In academia, a relatively mature solution for fully autonomous drone racing already exists. Without human involvement, drones rely solely on their computational platforms to achieve flight performance comparable to professional pilots, oftentimes surpassing them. However, with this solution, a pilot is not involved with controlling the drone. This paper aims to design a flight assistance system that not only enhances the performance of drone racing, but also provides human pilots with a fully immersive racing experience. This requires accurately capturing the pilot’s intent and providing real-time feedback to the drone's movements. From this perspective, assisted flight control is more challenging than fully autonomous flight.
System framework
This system adopts a layered structure consisting of offline and online components.
1. Offline preprocessing module
Firstly, the point cloud map of the racing venue and flight path is constructed. A relatively mature global trajectory planning method is used to generate the fastest path as an expert reference. Along this reference trajectory, a dense safe flight corridor is generated to provide a sufficiently large safe area, representing safe airspace using a series of interconnected polyhedra.
2. Online replanning module
A remote-control mapping primitive is designed to quickly capture the pilot's input, and a time-based trajectory progress is customized to further capture intent. Then, a trajectory planner is used to periodically generate trajectories that are safe, smooth, feasible, and consistent with the pilot’s intent.
3. Add yaw angle replanning
The yaw angle is finally replanned on the generated trajectory.

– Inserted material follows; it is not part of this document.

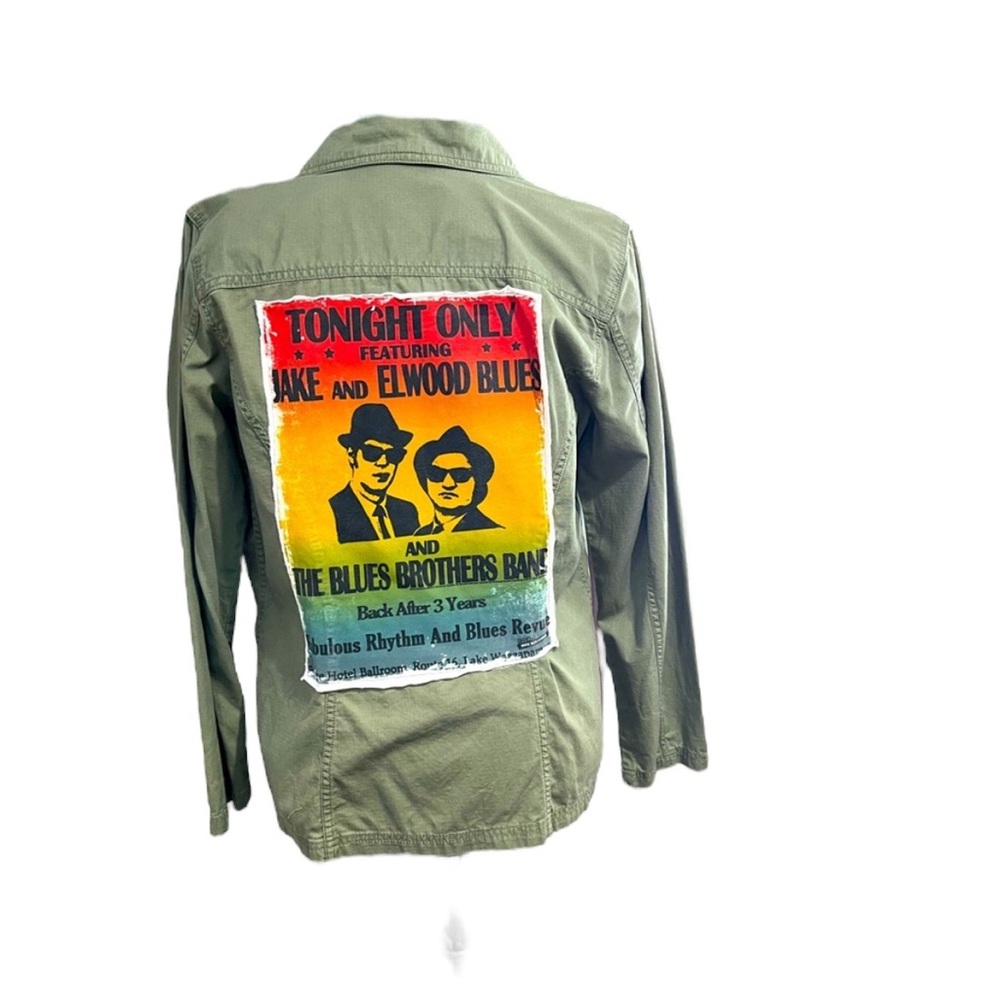 ⭐️ Custom Made Blues Brothers‎ Band Green Coat Size Large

This helps the drone turn quickly towards the next target point, providing the pilot with the best perspective and reducing the difficulty of operation. This is particularly important for novice pilots.
A diagram of our flight assistive system architecture.
Experimental validation
Simulations and real-world experiments were conducted to validate the performance of the proposed system. In the real-world experiment, five participants were invited to pilot drones in a drone racing scenario. The completion time was recorded, and the final rankings were determined.
During the competition, the NOKOV motion capture system was used to obtain relevant drone position information to verify the flight trajectories of the drones during the race.
All pilot participants successfully completed the race in the real-world scenario, with speeds exceeding 3.0 m/s. The flight trajectories of all pilots and snapshots of drone flights are shown in the following figure. With the flight assistance system proposed in this paper, even novice pilots were able to complete the race successfully.
The winning pilot achieved a maximum flight speed of 6.0 m/s, with an average flight speed close to 3.0 m/s.